Les premiers mois de la guerre sont effroyables. Dès les premières semaines d'août, les blessés et les morts se comptent par milliers. Acheminés en train vers le nord de la France, les troupes se déplacent ensuite à pied. Les marches sont longues et épuisantes dans la chaleur de l'été, et les hommes n'ont que peu de temps de repos. Avec leurs uniformes, ils sont visibles de loin. Les troupes françaises sont décimées par les Allemands.
A l'arrière, la colère monte. Les familles tentent de faire revenir leurs proches. Elles s'adressent aux autorités pour demander des faveurs, obtenir des permissions. Dans les campagnes, on a besoin des hommes pour faire les moissons. Quelques rares permissions agricoles font exception. Voyez cette lettre conservée par les Archives départementales de Saône-et-Loire : 

Lettre du 14 septembre 1914 d'une femme demandant au préfet une permission de 25 jours pour son mari mobilisé afin qu'il effectue les semailles. (R 98

Ce sont aussi les employeurs qui manquent de personnels et qui demandent le retour de leurs employés. A partir de décembre 1914, les blessés ont droit à une permission de 7 jours de convalescence à leur sortie d'hôpital. Quant aux officiers, ils bénéficient du régime des permissions des soldats en temps de paix avec congé en fin de semaine. Mais tous les autres restent au front.

30 juin 1915 : Le général Joffre instaure un régime de permissions pour tous

Sous la pression de l'opinion publique mais surtout des élus et des parlementaires, le général Joffre décide d'accorder 8 jours de permission à tous les soldats, par roulements. En août 1915, ce nombre est réduit à 6 jours seulement. Mais la réalité est bien différente. Les soldats ne peuvent pas partir comme ils l'espèrent. Si une offensive se prépare, si les troupes de relève ont du retard, les permissions sont repoussées. Les officiers ont tout pouvoir jusqu'au dernier moment d'accorder ou de refuser les permissions.

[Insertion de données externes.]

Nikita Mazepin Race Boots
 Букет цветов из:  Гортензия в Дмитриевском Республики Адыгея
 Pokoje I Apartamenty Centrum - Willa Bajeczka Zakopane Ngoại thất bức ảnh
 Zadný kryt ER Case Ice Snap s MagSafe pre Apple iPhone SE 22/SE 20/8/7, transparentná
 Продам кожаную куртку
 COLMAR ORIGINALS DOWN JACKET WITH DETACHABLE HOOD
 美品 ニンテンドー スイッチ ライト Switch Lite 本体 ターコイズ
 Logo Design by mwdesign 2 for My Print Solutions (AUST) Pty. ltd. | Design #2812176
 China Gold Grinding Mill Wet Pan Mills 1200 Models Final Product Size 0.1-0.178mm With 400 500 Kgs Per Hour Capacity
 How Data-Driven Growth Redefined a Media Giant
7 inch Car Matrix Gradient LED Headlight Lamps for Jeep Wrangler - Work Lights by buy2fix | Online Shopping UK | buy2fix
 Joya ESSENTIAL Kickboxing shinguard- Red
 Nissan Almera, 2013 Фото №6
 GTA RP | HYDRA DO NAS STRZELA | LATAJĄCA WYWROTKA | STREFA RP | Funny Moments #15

L'historien côte-d'orien Gilles Vauclair évoque dans ses ouvrages le cas de Jean-Marie Bacault​ - Sabotier, originaire du village de Thury en Côte-d'Or :  à la mobilisation, en raison de son âge, il fut affecté comme sergent dans la territoriale et passa sous-lieutenant en 1915. Dans ses Souvenirs de guerre 1914-1919, Jean-Marie Bacault évoque cette permission tant attendue :

" Au mois d'août, j'ai eu le bonheur d'aller en permission pour 6 jours. C'est avec une grande joie que je revois ma chère famille après un an d' absence. Je suis heureux de faire connaissance de la fillette qui m'était née au mois de février, de revoir ma fille aînée qui a bien grandi depuis que je l'ai quittée et surtout de passer une semaine auprès de mon épouse chérie.
Cette semaine vécue en famille a été pour nous une semaine de grand bonheur. Je souhaiterais que cette vie douce puisse continuer mais, hélas, c'est impossible en ce moment. Le devoir appelle et je rejoins mon poste le 9 août. Malgré les déchirements de la séparation, la permission fait beaucoup de bien, auprès des siens l'âme se retrempe et l'on revient avec plus de courage au coeur."

 





 

Extrait du journal du lieutenant Jean-Marie Bacault : 
7 août. Je pars en permission. Le Colonel a désigné un officier d'une autre compagnie pour commander la 10ème pendant mon abscence. Il n'a pas eu confiance pour ce commandement au sous-lieutenant qui est avec moi à la 11ème. Je partage son avis et il a raison. La Croix de guerre me donnant droit à deux jours supplémentaire, je passerai 9 jours auprès de ma famille. 
18 août. Ma permission est terminée, il faut une fois de plus se séparer. c'est bien pénible de se voir prolonger si longtemps la guerre et d'être obligés de vivre si loin les uns des autres dans les transes et l'inquiétude continuelles. Cependant puisqu'il en est ainsi, il faut faire son devoir jusqu'au bout quoi qu'il en coûte, et malgré la douleur de la séparation, les permissions font beaucoup de bien. Elles soutiennent le moral car une semaine passée de temps en temps auprès des siens retrempe l'âme et met du courage au coeur. Pendant cette permission je n'ai presque vu personne, et l'opinion que j'emporte de Thury, est qu'on s'est habitué à la vie de la guerre. On ne croit plus à la victoire et on se demande si la fin de la guerre arrivera jamais. Aussi on ne remarque plus guère les permissionnaires et on est indifférent aux communiqués. "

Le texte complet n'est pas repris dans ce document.